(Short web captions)
»»
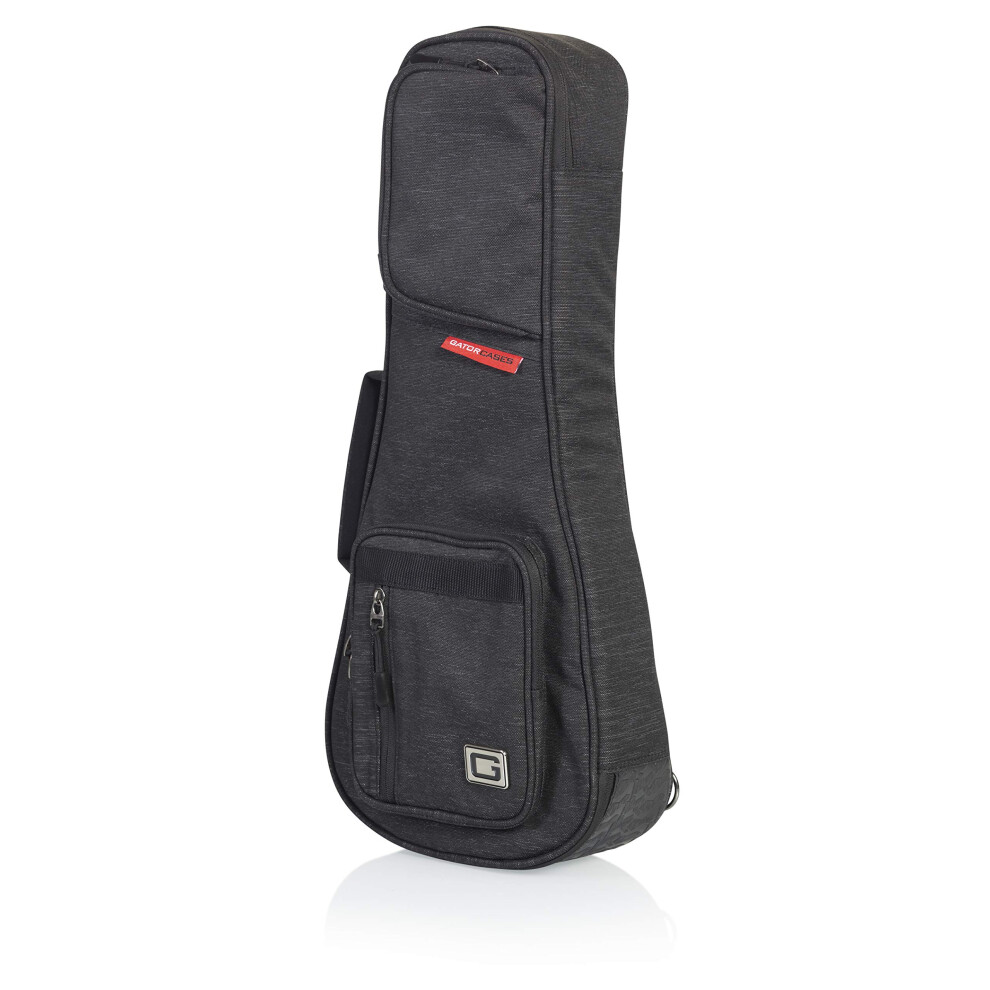 Gator Cases Transit Series Soprano Ukulele Gig Bag Black Exterior (Gt-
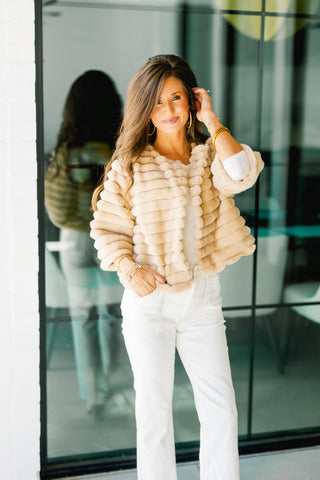 Fancy Darling Taupe Fur Coat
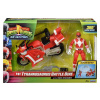 Playmates Bojové vozidlo Mighty Morphin Power Rangers Tyranosaurus Rex s Červeným strážcom 18 cm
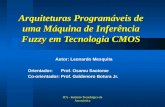 ITA - Instituto Tecnológico de Aeronáutica Arquiteturas Programáveis de uma Máquina de Inferência Fuzzy em Tecnologia CMOS Autor: Leonardo Mesquita Orientador:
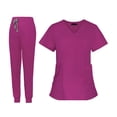 thumbnail image 2 of Milaget Nurse Work Clothing Nursing Uniform Top and Pants Scrub Kit Durable Quick Drying S, 2 of 9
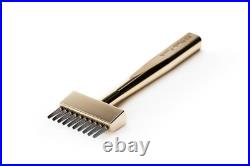 KS Blade Set of European V2 Pricking Irons Solid Brass #6 (4.5mm)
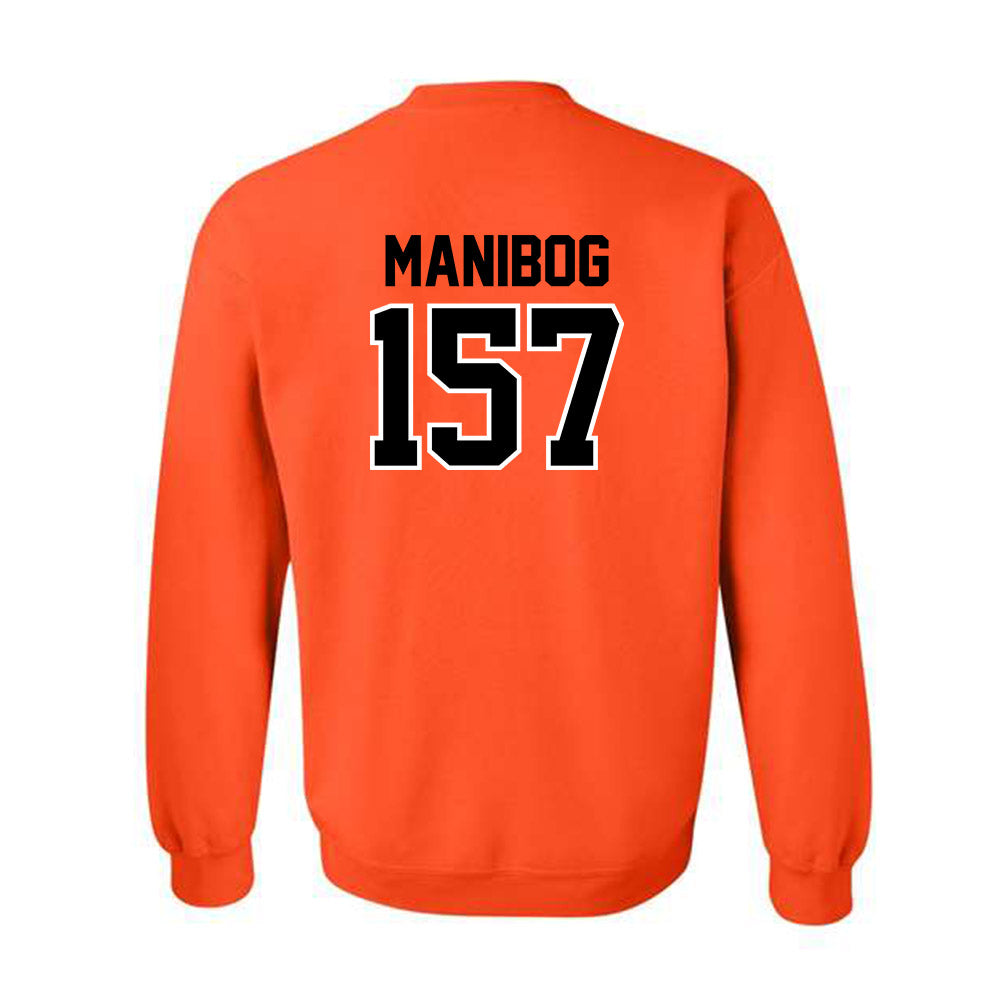 Oklahoma State - NCAA Wrestling : Jeremy Manibog - Crewneck Sweatshirt Sports Shersey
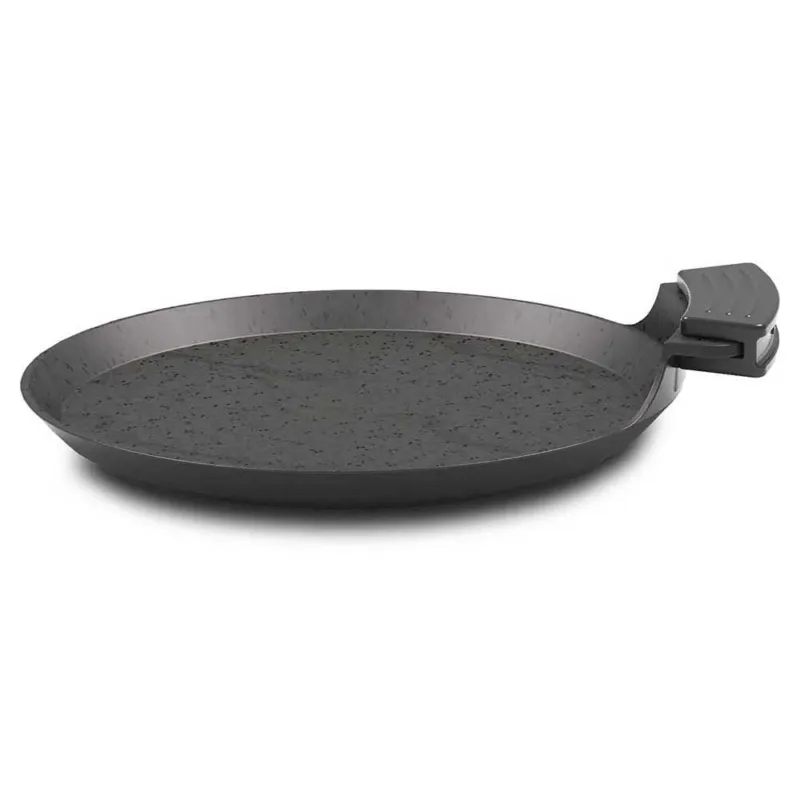 Crepiera 1 manico 25 cm Alluminio Nero Non Perdere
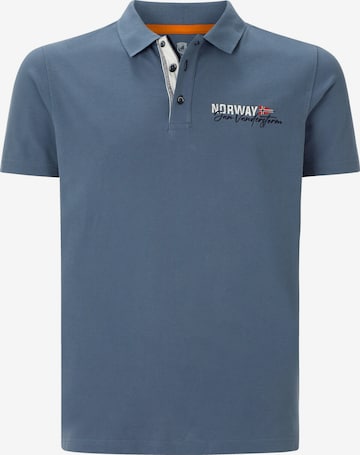 Jan Vanderstorm Shirt ' Jakov ' in Blue: front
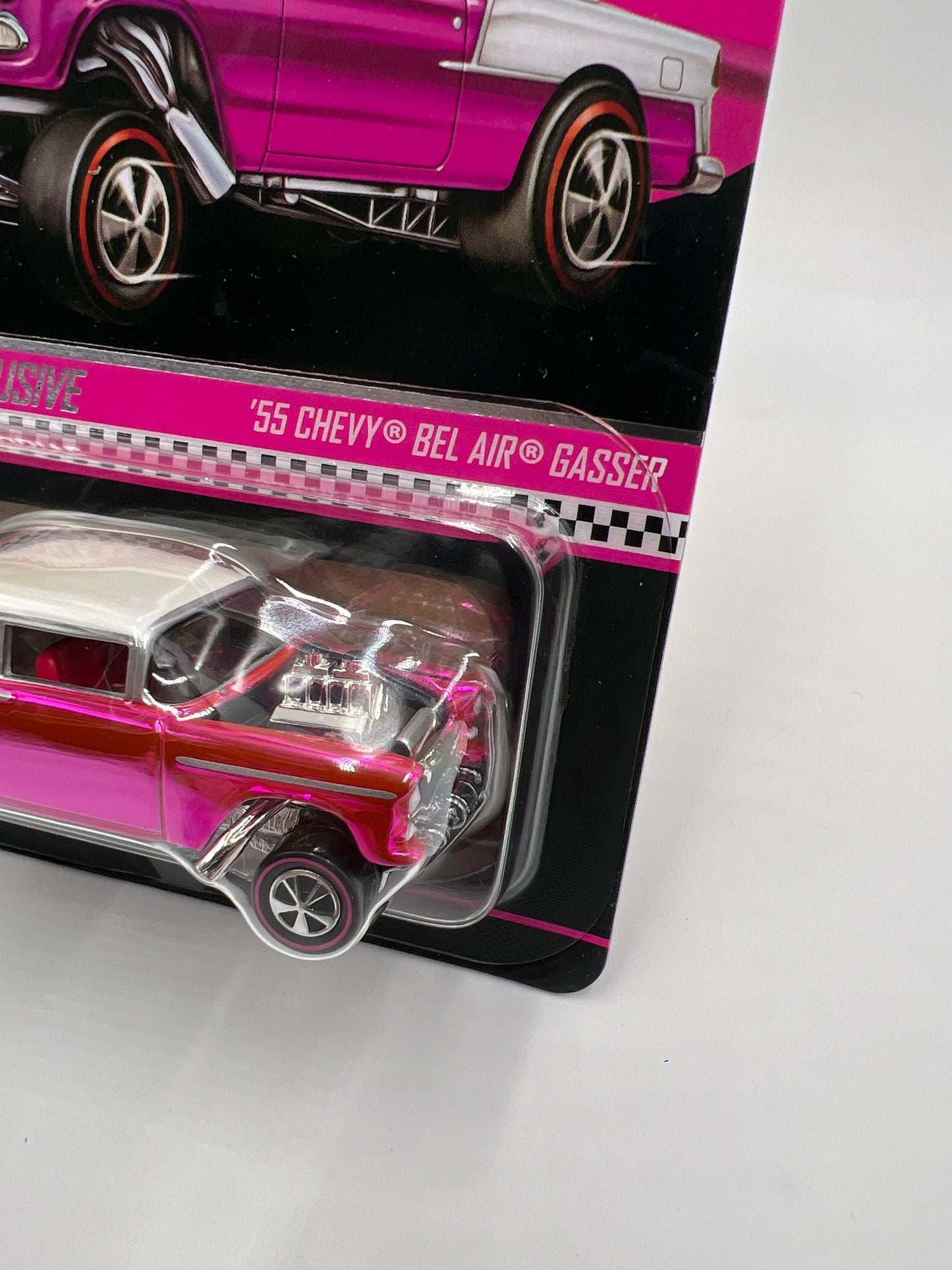 2025 Hot Wheels RLC Club Exclusive 55 Chevy Bel Air Gasser Pink W/Protector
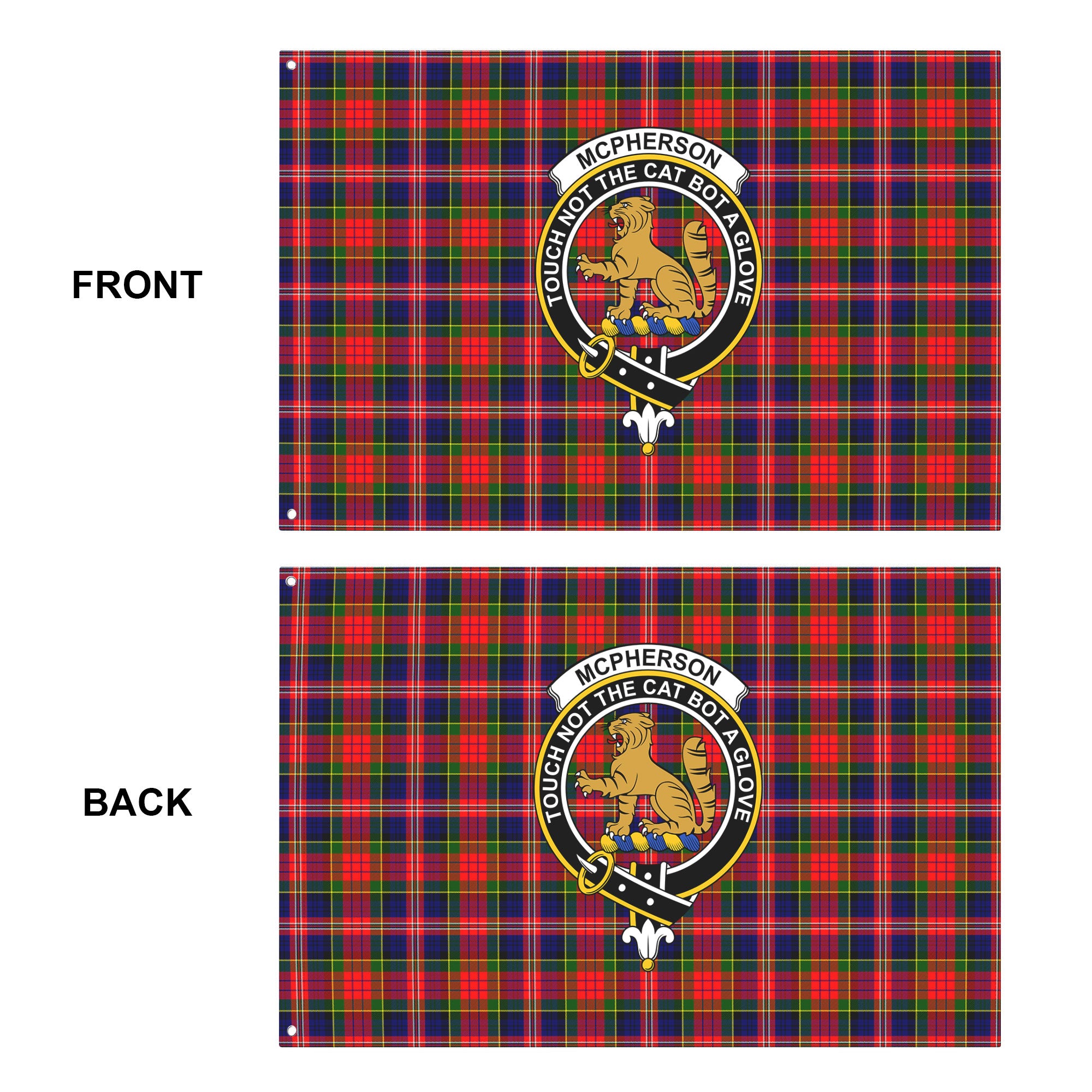 McPherson Modern Tartan Crest House Flag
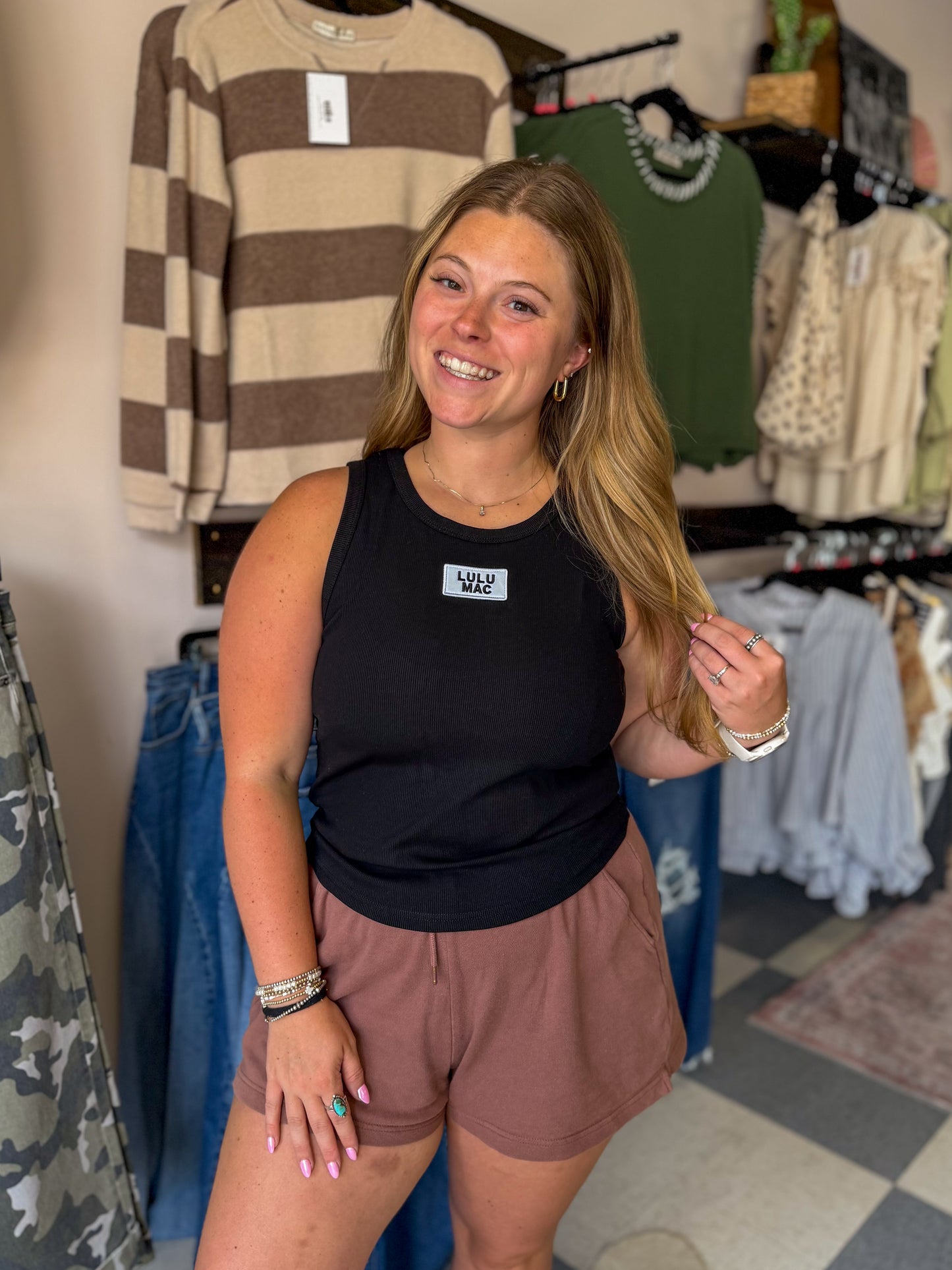Lulu Mac: Tank in Black
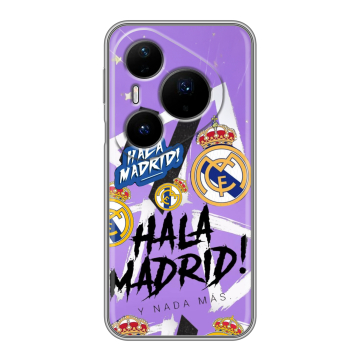 Силиконовый чехол на Huawei Pura 80 Pro, 80 Pro Plus с принтом Real Madrid Реал Мадрид Силиконовый чехол на Huawei Pura 80 Pro, 80 Pro Plus с принтом Real Madrid Реал Мадрид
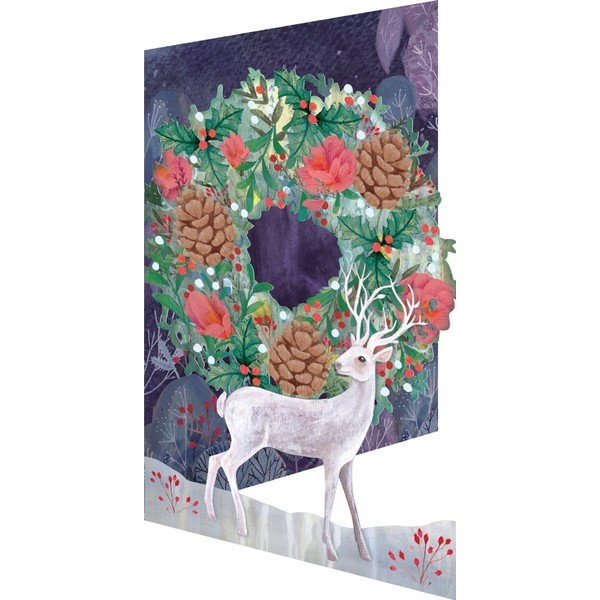 Čestitke u setu 5 kom s božićnim motivom Silver Stag  – Roger la Borde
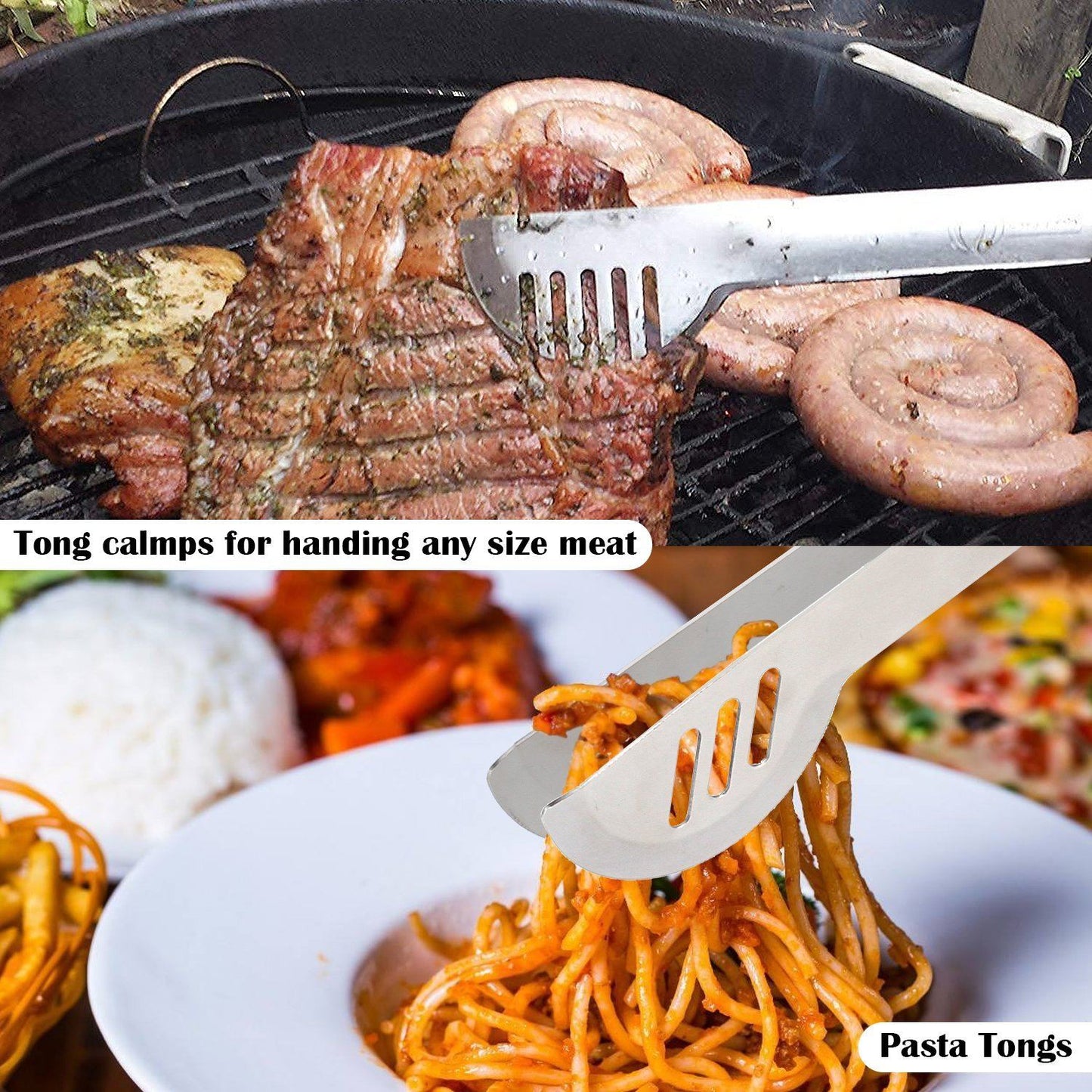 Frendorf | 14-teilige Set: BBQ Grill Werkzeug Set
««
§ **Problem to work on**
Without carrying over any picture, write out the entries above once more, exactly.

§ **Answer box**
 Gator Cases Transit Series Soprano Ukulele Gig Bag Black Exterior (Gt-
 Fancy Darling Taupe Fur Coat
 Playmates Bojové vozidlo Mighty Morphin Power Rangers Tyranosaurus Rex s Červeným strážcom 18 cm
 ITA - Instituto Tecnológico de Aeronáutica Arquiteturas Programáveis de uma Máquina de Inferência Fuzzy em Tecnologia CMOS Autor: Leonardo Mesquita Orientador:
 thumbnail image 2 of Milaget Nurse Work Clothing Nursing Uniform Top and Pants Scrub Kit Durable Quick Drying S, 2 of 9
 KS Blade Set of European V2 Pricking Irons Solid Brass #6 (4.5mm)
 Oklahoma State - NCAA Wrestling : Jeremy Manibog - Crewneck Sweatshirt Sports Shersey
 Crepiera 1 manico 25 cm Alluminio Nero Non Perdere
 Jan Vanderstorm Shirt ' Jakov ' in Blue: front
 2025 Hot Wheels RLC Club Exclusive 55 Chevy Bel Air Gasser Pink W/Protector
 McPherson Modern Tartan Crest House Flag
Lulu Mac: Tank in Black
 Силиконовый чехол на Huawei Pura 80 Pro, 80 Pro Plus с принтом Real Madrid Реал Мадрид Силиконовый чехол на Huawei Pura 80 Pro, 80 Pro Plus с принтом Real Madrid Реал Мадрид
 Čestitke u setu 5 kom s božićnim motivom Silver Stag  – Roger la Borde
 Frendorf | 14-teilige Set: BBQ Grill Werkzeug Set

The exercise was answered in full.